Counting down to greener games
Digital Writer, theweathernetwork.com
Tuesday, July 8, 2014, 7:59 AM -
In one year thousands of athletes and spectators will descend on Toronto for the 2015 Pan Am and Parapan Am Games.
Game readiness often implies on time and on budget, but as we hit the one-year-to-go mark, here’s a look at efforts to make the games greener.
The 10 new facilities among the 30 venues across southern Ontario have been described as “legacy investments” as they will remain a permanent fixture after the Games. Among them, the CIBC Pan Am/Parapan Am Aquatics Centre and Field House at University of Toronto Scarborough campus.
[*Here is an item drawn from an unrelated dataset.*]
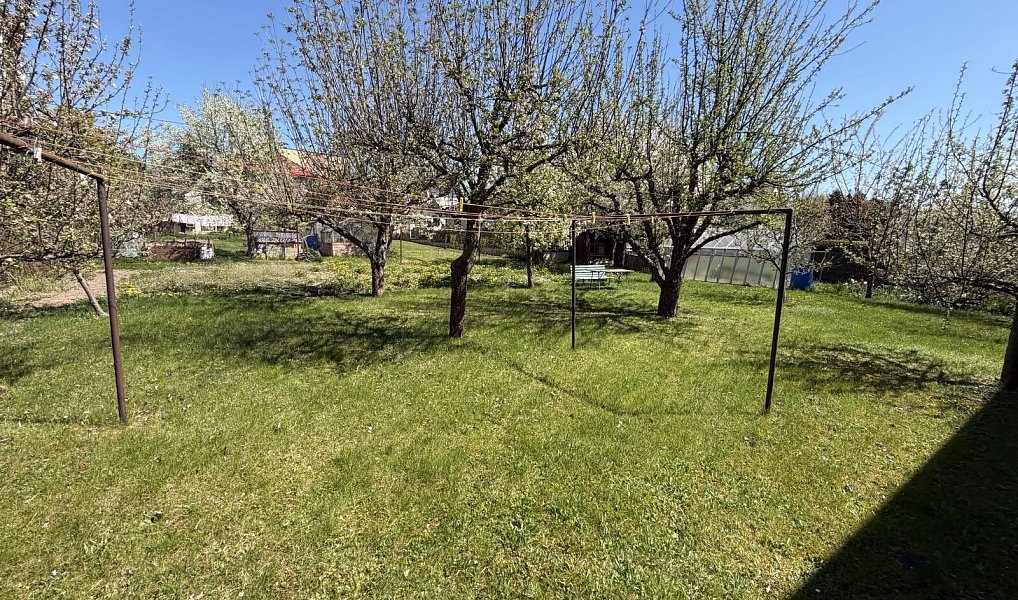Prodej domu 151 m² s pozemkem 856 m², Pelhřimov – náhled fotky 28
As the Games’ largest new-build, it boasts some big sustainable stats: solar panels, geothermal wells, a green roof (covering 30 per cent of the building) and 100 per cent of its irrigation will be met by non-potable rainwater from underground cisterns.
Downtown, the previously unused area in the West Don Lands will be home to the Athlete’s Village. Led by Waterfront Toronto (who was already developing the area when the Games were awarded to Toronto) in partnership with Infrastructure Ontario, the village will be converted post-Games into the Canary District, a modern, accessible, pedestrian-friendly and sustainable neighbourhood. The area’s re-development, specifically Corktown Common on the east side, includes flood protection for the downtown. Check out the transformation via webcam and an aerial view of the area pre-construction:
The Ontario Ministry of Transportation is looking at ways to minimize the extra vehicular traffic and the fumes that come with it (Some 200,000-plus visitors are expected in the Toronto and Golden Horseshoe Area for the Games). One focus is on encouraging sustainable and active travel choices.
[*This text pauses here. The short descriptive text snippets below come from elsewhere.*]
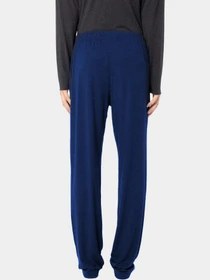 Брюки Emporio Armani модель 112048-3F584-00135 Фото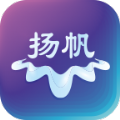 扬帆app手机版下载 v3.0.0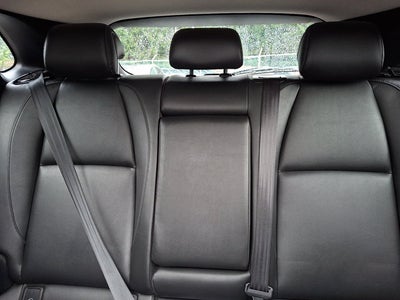 2021 Mazda Mazda CX-30 Preferred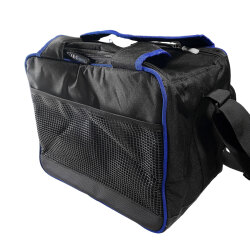 Shimano All-Round Tackle Bag Malzeme Çantası - 3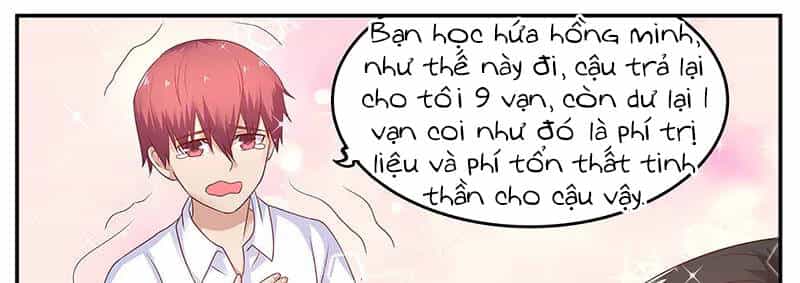Hệ Thống X Toàn Năng - Chương 57 - ảnh 2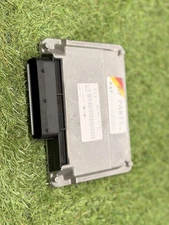 Audi RS5 4.2 V8 CFS Four Wheel Drive System Control Module ECU 8K0907163A 2011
Most events will be reachable by public transit and many with extra bike facilities. For locations such as Minden Wild Water Preserve or the Caledon Pan Am Equestrian Park, a temporary expansion of the High Occupancy Vehicles (HOV) network will be open to Games vehicles, emergency vehicles, public transit and high occupancy vehicles. Spectator event tickets will include public transit.
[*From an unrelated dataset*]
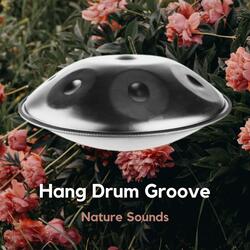 Cobblestone (Nature Sound)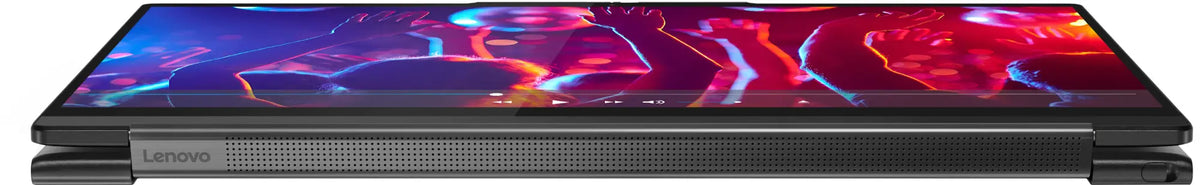 Lenovo Yoga 9i 14 2-in-1 14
The Union Pearson (UP) Express, the rail link between Toronto Pearson International Airport and downtown Toronto, is scheduled for completion in time to carry the Games’ first guests. It is expected to remove 1.2 million car trips to and from Toronto’s downtown core and Toronto Pearson annually. A refresher on its promises:
There has been some pressure on Metrolinx, an agency of the Government of Ontario, to electrify the diesel trains. Thus far a series of concrete platforms have been built in to allow for the electric trains in the future. Organizations such as the Clean Train Coalition, representing communities along the corridor, are urging UP Express to electrify the link at the outset rather than later. Currently, Metrolinx is undertaking an Environmental Assessment study on the diesel-to-electric conversion of the 25 km-track.
Another route to unite the downtown core and the inner suburbs is also taking shape. This one involves a more active mode of transportation. The Pan Am Path, an 80-km multi-use trail, will connect current trail systems travelling through Games’ key sites from Brampton and Mississauga in the west to the Rouge Park in the east. The path will feature art installations, cultural activities and mini-celebration events to showcase the vibrant communities that exist along the route.
On July 11 and 12, 2014, Toronto and the surrounding host communities Ajax, Burlington, Caledon, Hamilton, Markham, Milton, Mississauga and Oshawa are all hosting special festivities to celebrate the one-year countdown.